Another classic awkward pose is the one where someone is not comfortable with the prospect of hugging the person he is with, so his entire body stays turned completely forward.  In this picture below, this guy is a perfect example of this:

Brooke

In this picture, Tom and Katie are both demonstrating the same  awkward positioning:

Tomkat_116_soccer

I may not have a degree in Behavioral Body Language Analysis for Weekly Gossip Periodical Dissemination, but I did minor in it, so you can trust that my analysis here is spot-on.  Just like you would with US Weekly, or In Touch on a good week.


Freaky Fanning

Things that are reasonable in theory:

-It's inappropriate to mercilessly pick on a 12-year old. It's not nice, and it's not fair. 

-At that age, kids are still just doing what their parents tell them to do, so we can't really fault them for their behavior.

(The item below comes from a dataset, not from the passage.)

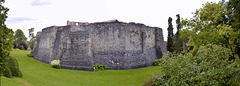 Farnham Castle Shell Keep and garden panorama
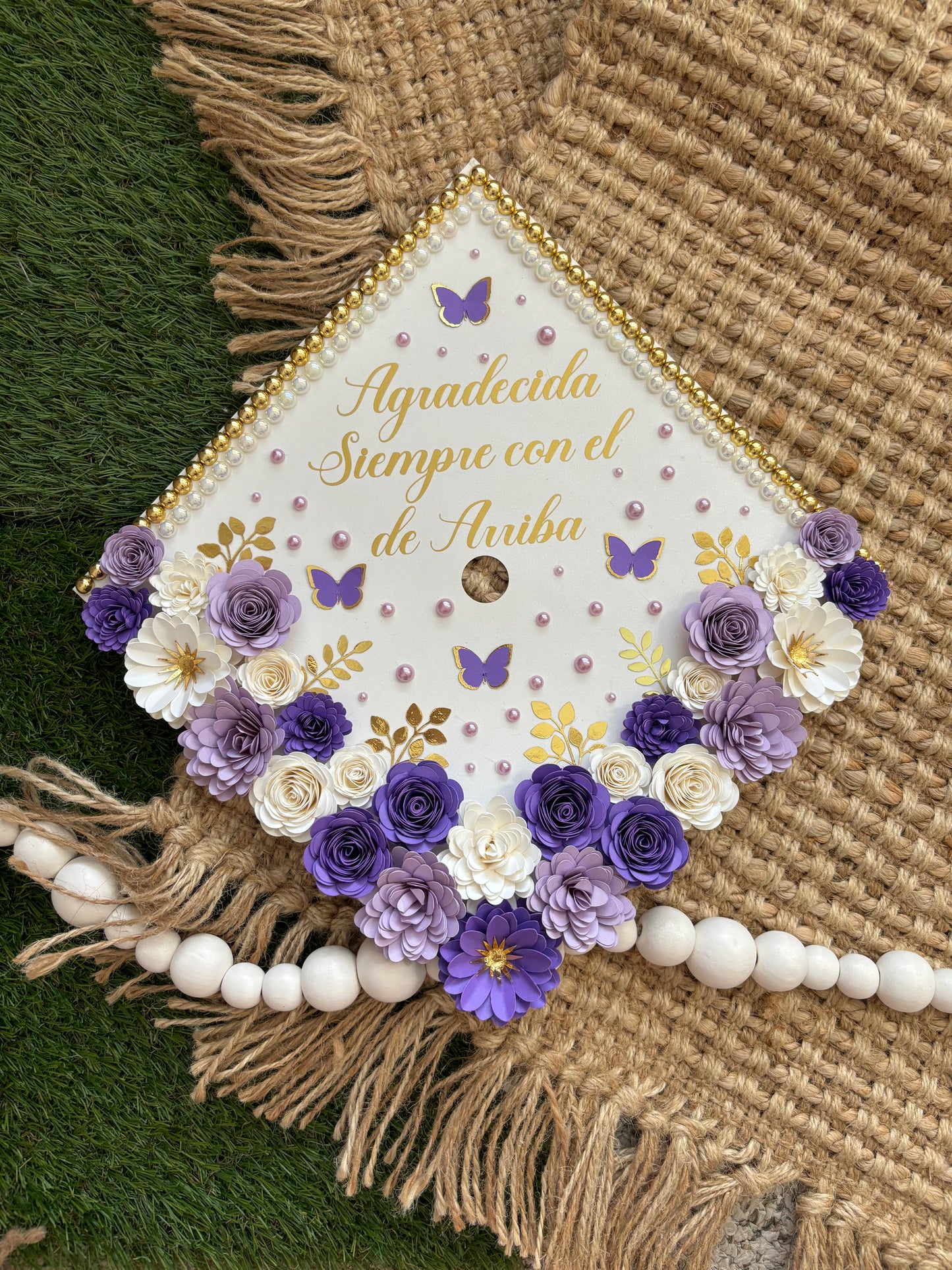 Grad Cap Topper Bottom Flowers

-If anything, eerily creepy, overly articulate 12-year olds who have had the unfortunate handicap of hanging out with Tom Cruise a lot during their formative years should be pitied, not ridiculed.

Unfortunately, that theory crumbles in the face of real-world evidence:
So_scary
Aahhhhh!  She's so scary!  Enough with the poise, and the paleness, and the white satin, or whatever the hell that is.  Why does a dress like that even come in child size?  Good LORD.  Dakota Fanning, you are single-handedly turning me into a weird, mean, unreasonable child-hater.  And it's gotta stop.